# Great Pictures of the Fw-190D-9's Engine........



## lesofprimus (May 28, 2005)

Had these for awhile. Not sure where I got them....... Props to whoever took em, cause they're great......


----------



## Nonskimmer (May 28, 2005)

Pretty slick.


----------



## trackend (May 29, 2005)

Thats a beauty of a power plant Les, nice shots


----------



## the lancaster kicks ass (May 29, 2005)

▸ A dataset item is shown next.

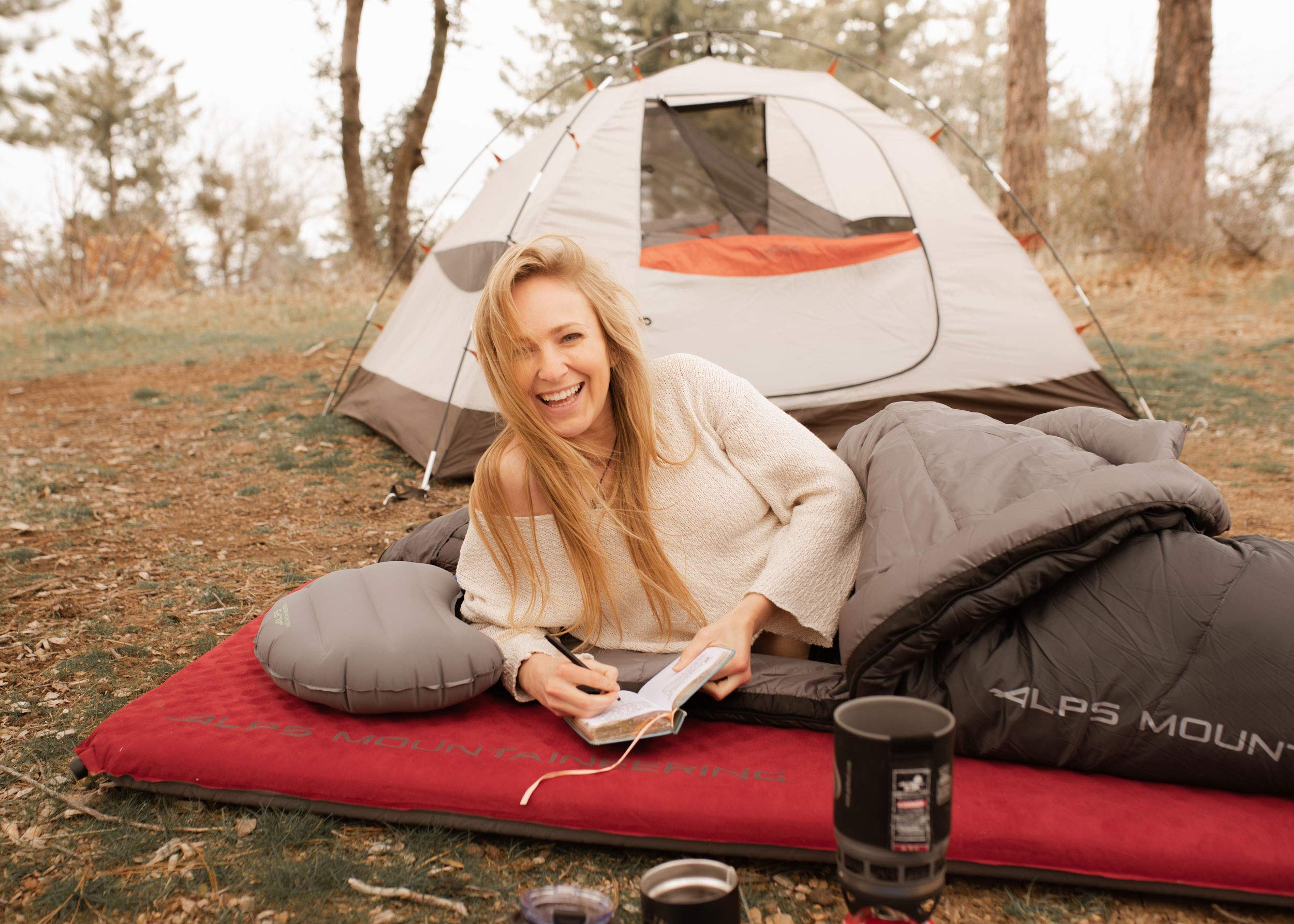 ALPS Apex Air Pad jet stream foam detail provides cushioned support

i love that last shot......


----------



## lesofprimus (May 29, 2005)

Me too Lanc, which is why I made it last....


----------



## cheddar cheese (May 29, 2005)

Ace pics! 8) You could even call them a*dora*ble


----------



## Erich (May 29, 2005)

the a/c in bogus JG 3 colurs is used for the basis for a Dora walkaround I do believe by squadron/signal pulbications as well as throughly described in one of the older Japanese works.


----------



## hellmaker (May 29, 2005)

Sweet lord...
Nice pics... wow... a real beauty...
Damn that plane is beautiful...and the engine it paked gave it a lovely hurl... Work Of Art...


----------



## Soren (May 29, 2005)

lesofprimus said:


> Had these for awhile. Not sure where I got them......

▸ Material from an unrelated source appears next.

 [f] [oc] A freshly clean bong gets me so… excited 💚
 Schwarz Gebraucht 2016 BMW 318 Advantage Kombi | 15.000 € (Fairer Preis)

Let me take a guess: http://www.clubhyper.com/reference/fw190d9enginereferencebg_1.htm

I've had those pics myself for a long time.


----------



## lesofprimus (May 29, 2005)

Excellent Soren, thanks for posting that........


> I've had those pics myself for a long time.


That figures....... Great minds find the same info....


----------



## Soren (May 30, 2005)

lesofprimus said:


> Excellent Soren, thanks for posting that........



No problem.



lesofprimus said:


> Soren said:
> 
> 
> > I've had those pics myself for a long time.
> ...



8)


----------



## me262 (May 30, 2005)

talking about engines, i have a question:
how come the gemans place the engines inverted? 
is the a reason for that?


----------